John Duns Scotus (1266-1308) was born in the village of Duns, Berwickshire. At the age of fourteen he entered a Franciscan seminary in Scotland at Haddington, Dumfries. After being ordained in 1291 he continued his studies in theology and philosophy at Oxford and Paris. Through his mentor at Paris, Peter of Spain, he was influenced by Islamic philosophy, especially Avicenna and Averroes. He received his doctorate from Paris in 1305 and became professor at Cologne where he remained until his premature death.

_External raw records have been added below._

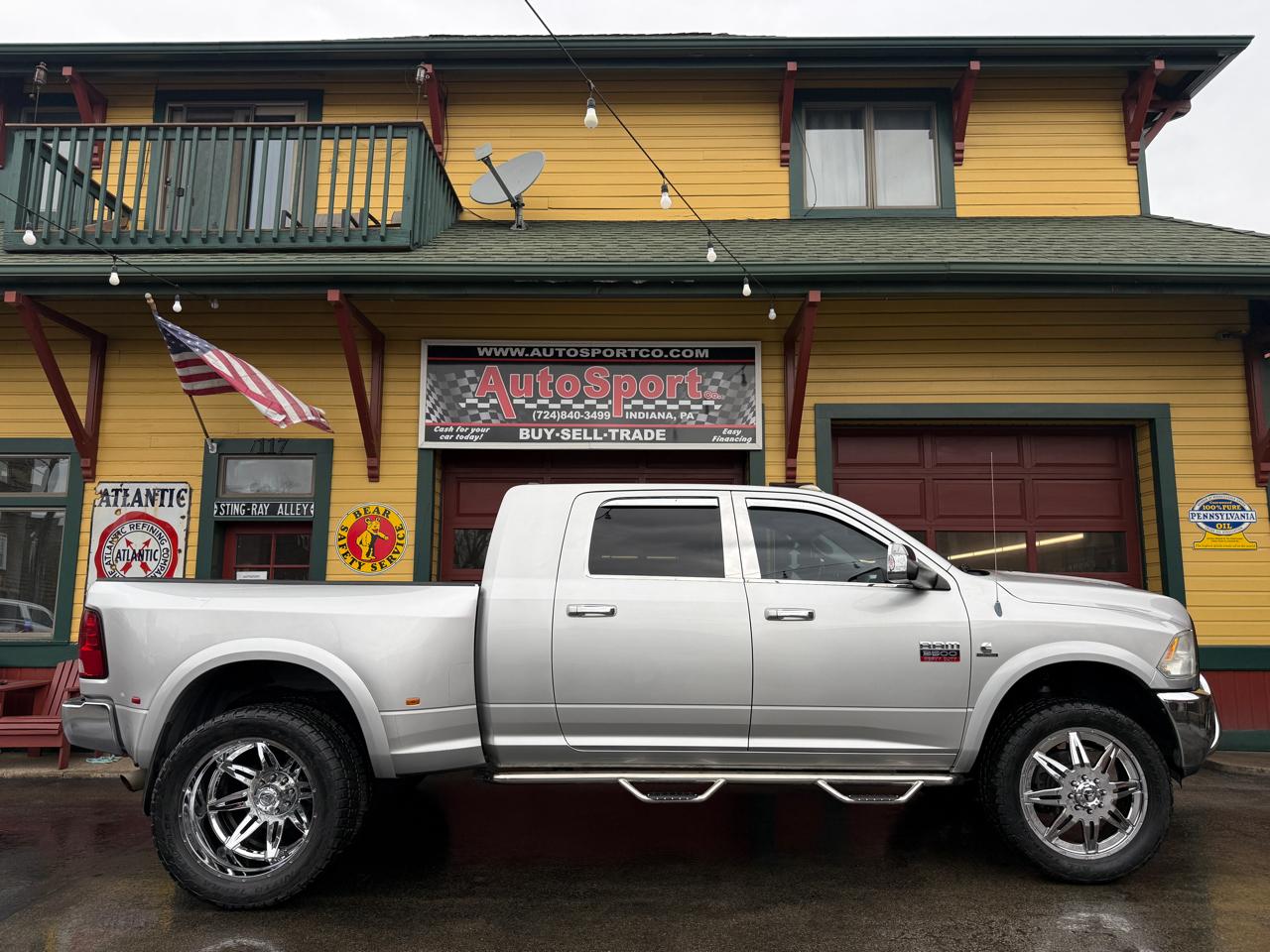 RAM 3500 Laramie Mega Cab 4WD DRW 2012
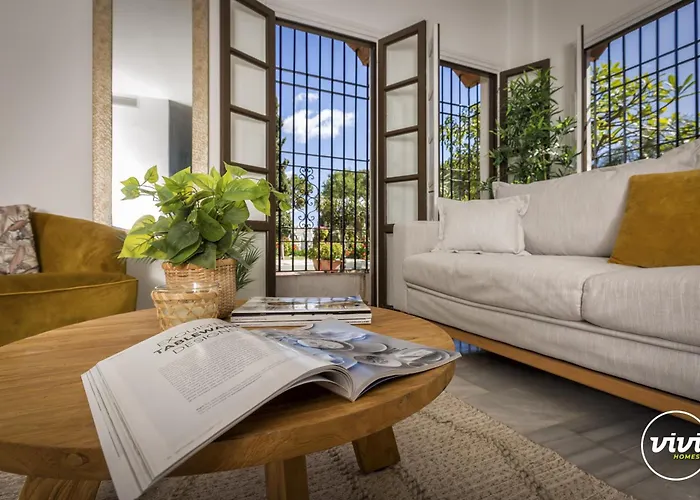 Vivi Homes - Casa Nobu Pool, Garden, Patio & * Marbella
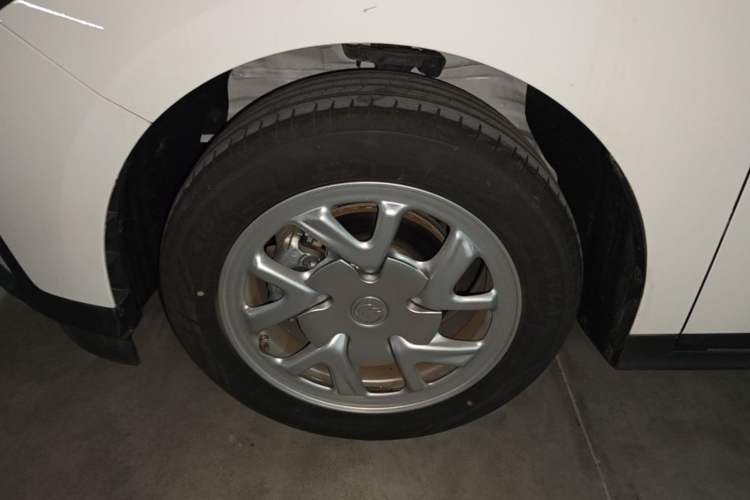 Used Buick Velite 6 2024 450km Range Commuter Version Left Front Wheel Hub
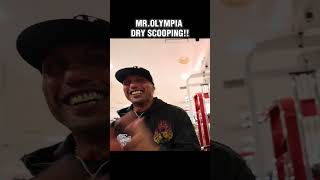 BRANDON HENDRICKSON DRY SCOOPING! #mrolympia #arnoldclassic #bodybuilding #gym #gymmotivation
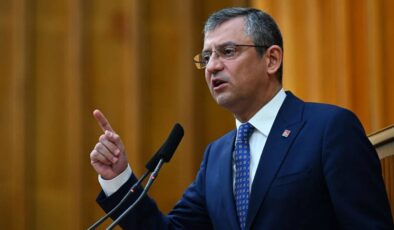 Özgür Özel: Gençlerin gelecek hayallerini Misak-ı Milli sınırları içine taşıyarak beka sorununu aşacağız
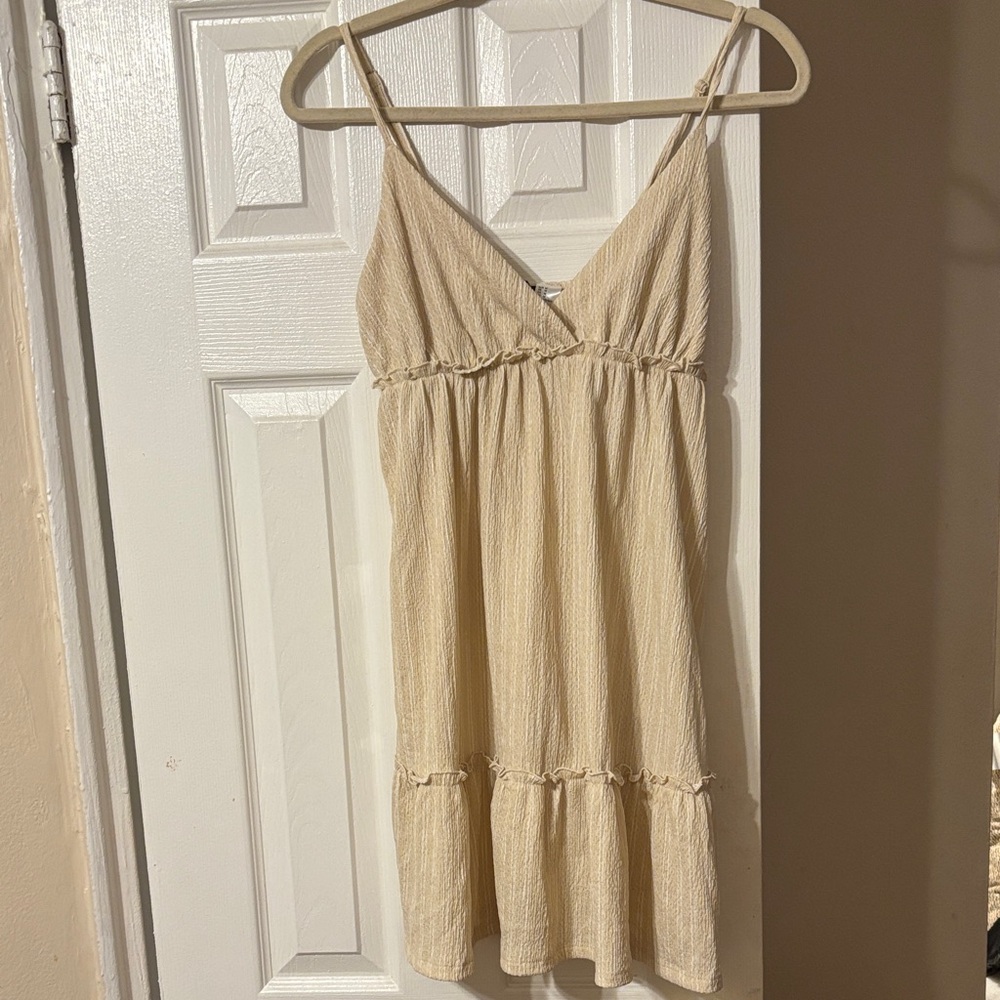H&M Textured Beige Top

Nicknamed the "Subtle Doctor," Scotus originated many subtle but important distinctions that have continued to influence philosophers as diverse as Leibniz, Heidegger and Peirce. Yet he also concocted an idea that has since become one of the central tenets of Roman Catholic dogma and believed by hundreds of millions of people: the Immaculate Conception. After much subsequent debate among Christian theologians, the councils of Basel (1439) and Trent (1546) finally sided with what came to be called the "Scotist opinion" and some years later Pius IX issued the bull Ineffabilis Deus declaring Scotus' notion of the Immaculate Conception to be a divine revelation that must under threat of Hell be believed without question.

Although Scotus' contributions to philosophy are somewhat less dramatic, he is generally regarded as the most important of the British medieval thinkers.